Did it come from Fort Chipewyan, the park's southern gateway, where great rivers lace an intricate delta of channels and shallow lakes replete with animal and bird life – not just pelicans, but occasional outliers from the continent's last reproducing flock of endangered whooping cranes, which nest in the northern reaches of the park.
Or could the stick be traced all the way up the Athabasca River to Fort McMurray, Alta., where swaths of the boreal forest are being swept away by voracious oil sands development?
I soon realize I am not in some isolated place on the Alberta-Northwest Territories boundary, but at the epicentre of trade routes, power shifts, the ebb and flow of societies and climates.

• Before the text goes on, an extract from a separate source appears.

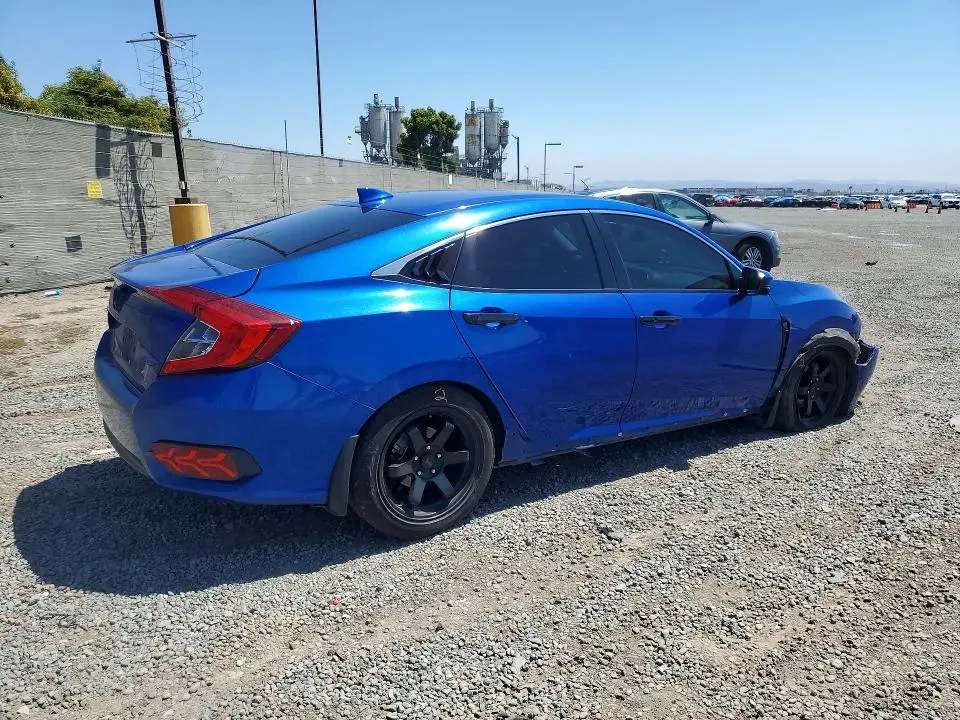 2017 HONDA CIVIC EX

You come to Wood Buffalo if you want to understand Canada, its past, present and future.
The park is largely untouched by tourism, drawing fewer than 1,500 visitors from outside the local area annually, even though it covers an expanse the size of Switzerland, and contains pristine lakes and roaring rivers – a playground for rafters, kayakers, canoeists and hikers, but also cultural adventurers who want to know where we have travelled as a country.
Because the park has so few visitors, I receive unusually attentive service from the Parks Canada staff. By truck, boat and light airplane, I trace the canoe routes of voyageurs, of 19th-century York boats, and water bombers that today battle the largest forest fires in memory.

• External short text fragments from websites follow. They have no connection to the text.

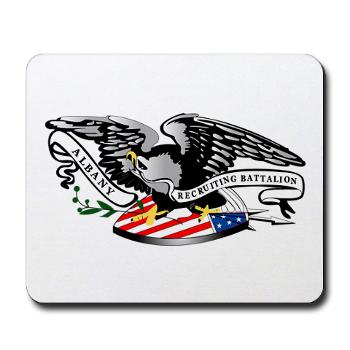 ARB - M01 - 03 - DUI - Albany Recruiting Bn - Mousepad - Click Image to Close
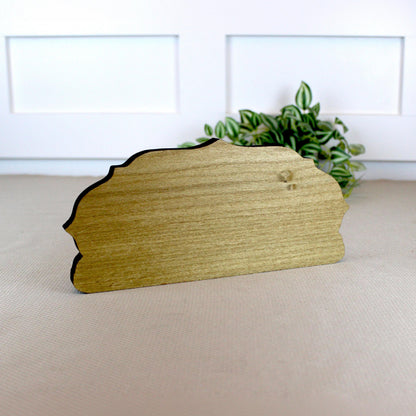 Coffee Bar Sign Shelf Sitter Keepsake, Wooden Coffee Lovers Decor, Coffee Station Sign, Kitchen Coffee Nook Decor, Gift for Coffee Lover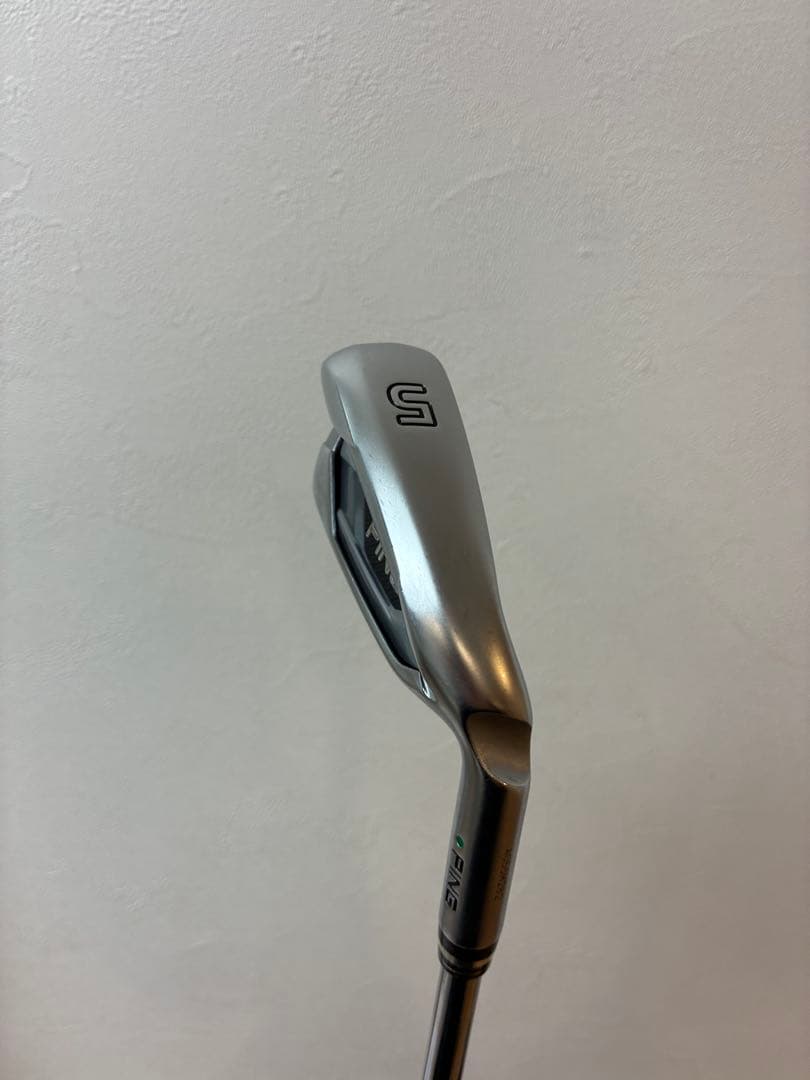 G425 5番アイアンDG120 S200 ライ角:グリーン 緑5I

My visit starts at the Rapids of the Drowned, so named because in the 1780s five voyageurs misread a signal, took a wrong channel and paid with their lives. Just upstream, I try to imagine hauling over 2,700 kilograms of cargo with the hulking York boats up and down the back-breaking Mountain Portage. From the air, I follow the passage of the majestic Pelican Rapids, a torrent of power and noise.
The next morning, I get a guided tour of the park's exotic salt plains, the remnants of prehistoric seas of 250 million years ago, which have left behind 370 square kilometres of stark white flatland, giving the appearance of a winter landscape in the middle of summer.

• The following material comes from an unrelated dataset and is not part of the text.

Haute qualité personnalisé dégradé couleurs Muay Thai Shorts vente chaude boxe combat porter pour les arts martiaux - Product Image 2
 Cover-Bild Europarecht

Along the way, I scan the sky for a whooping crane – Wood Buffalo is the summer home of 270 of the birds, more than half the surviving world population, including 75 nesting pairs. I see no cranes, but I am not alone – some people see them the first day; for others, it takes a decade.
Wood Buffalo is, as its name denotes, all about buffalo, and I was able to see hundreds of the big brown shaggy beasts with their reddish-hued calves – hulking shadows in the poplars as you drive by. These are not the squat plains buffalo that were gunned down in vast numbers to the south, but the rangier cousins that have suffered their own travails.
Janna Jaque, who develops visitor experiences in the park, likes to make this distinction: The plains buffalo are like the short hairy guys who wear Speedos to the beach while the park's wood buffalo are tall, dark and handsome.
Herds of 20 to 30 bison often clog up the roads, and you have to wait as they finally amble away with a bored shrug, clearly unimpressed with man and civilization.
When the European settlers first arrived, there were about 6,000 bison in the area, but for unknown reasons, perhaps heavy hunting and harsh winters, the numbers fell to 250 by the turn of the 20th century. By the time the park was created in 1922 to preserve the buffalo, the population had climbed back to a still endangered 1,250.
In the 1920s, officials had the idea of introducing 6,000 plains buffalo that were overcrowding their habitat in central Alberta. There was some interbreeding, creating a kind of hybrid, but the plains bison's biggest legacies were tuberculosis and brucellosis, which once again devastated the wood buffalo.
With care and monitoring, the numbers have climbed back to about 5,000 in the park, and the healthier but still at-risk herd is mostly pure wood buffalo, with only occasional animals showing traces of their squat barrel-shaped cousins.
Besides the bison, the quirky white pelicans are the creatures perhaps most associated with Wood Buffalo – a reminder that the park sits on several migratory flyways. Like the cranes, they fly north each spring from their winter habitat around the Gulf of Mexico. Their northernmost nesting site is, bizarrely, along tumbling river rapids around Fort Smith. On the islands in Mountain Rapids at twilight (basically, all night in June), you can spy hundreds of nesting, sleeping birds.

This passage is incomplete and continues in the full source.